---------- RECORDED INFORMATION ----------

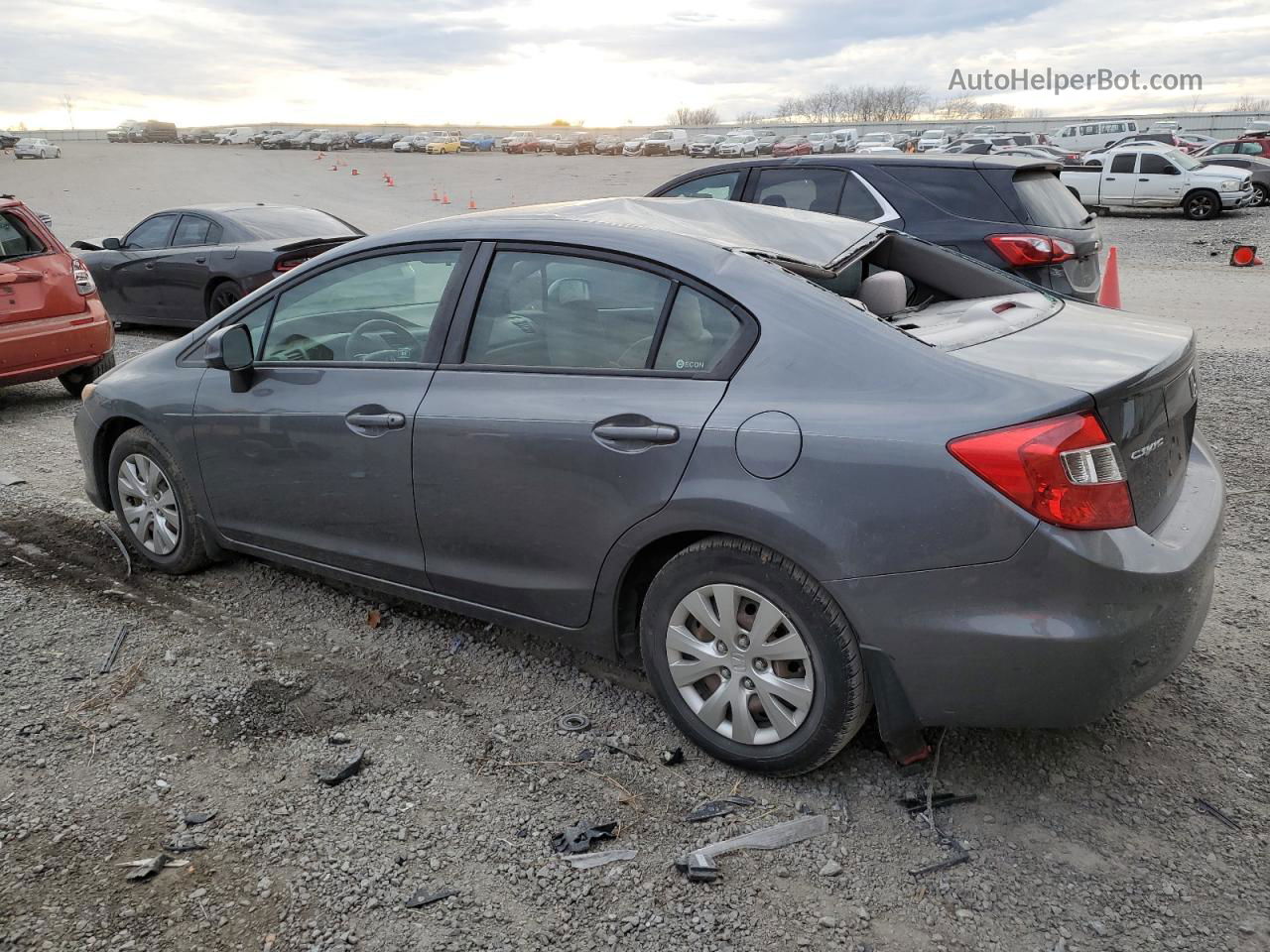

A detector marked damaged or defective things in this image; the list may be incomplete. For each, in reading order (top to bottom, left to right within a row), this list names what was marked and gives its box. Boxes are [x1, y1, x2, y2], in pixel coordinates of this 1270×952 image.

crushed car roof [396, 196, 883, 271]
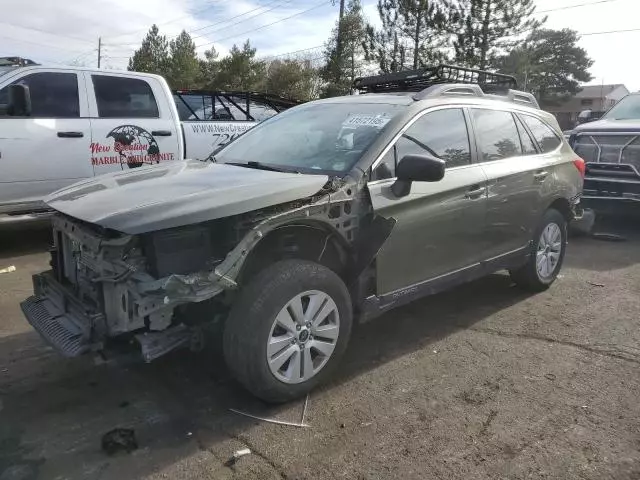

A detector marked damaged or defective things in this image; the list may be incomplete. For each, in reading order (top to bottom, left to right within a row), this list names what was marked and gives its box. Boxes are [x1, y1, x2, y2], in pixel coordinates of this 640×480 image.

crumpled hood [47, 160, 328, 233]
damaged front end [21, 178, 380, 362]
crack in asphalt [468, 328, 640, 366]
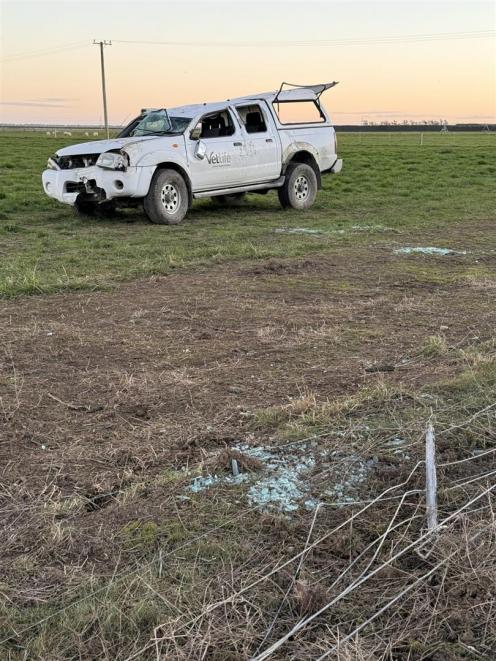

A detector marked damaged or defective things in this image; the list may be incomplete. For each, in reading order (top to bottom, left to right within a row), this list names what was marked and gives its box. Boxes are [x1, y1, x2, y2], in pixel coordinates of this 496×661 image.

broken windshield [117, 110, 193, 137]
damaged white ute [41, 84, 340, 223]
dented front bumper [42, 164, 155, 204]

----------

> [WHAT IS REQUIRED]:
Omit the pictures, then quote the rest of the material above exactly.

> [YOUR RESPONSE]:
A detector marked damaged or defective things in this image; the list may be incomplete. For each, in reading order (top to bottom, left to right within a row), this list names what was marked and gives its box. Boxes are [x1, y1, x2, y2], in pixel coordinates of this 1270×952 image.

crushed car roof [396, 196, 883, 271]

A detector marked damaged or defective things in this image; the list may be incomplete. For each, in reading order (top to bottom, left to right within a row), this list names what was marked and gives its box. Boxes are [x1, y1, x2, y2], in pixel coordinates of this 640×480 image.

crumpled hood [47, 160, 328, 233]
damaged front end [21, 178, 380, 362]
crack in asphalt [468, 328, 640, 366]

A detector marked damaged or defective things in this image; the list may be incomplete. For each, in reading order (top to bottom, left to right within a row), this list names what was marked and gives its box. Boxes are [x1, y1, x2, y2], in pixel coordinates of this 496×661 image.

broken windshield [117, 110, 193, 137]
damaged white ute [41, 84, 340, 223]
dented front bumper [42, 164, 155, 204]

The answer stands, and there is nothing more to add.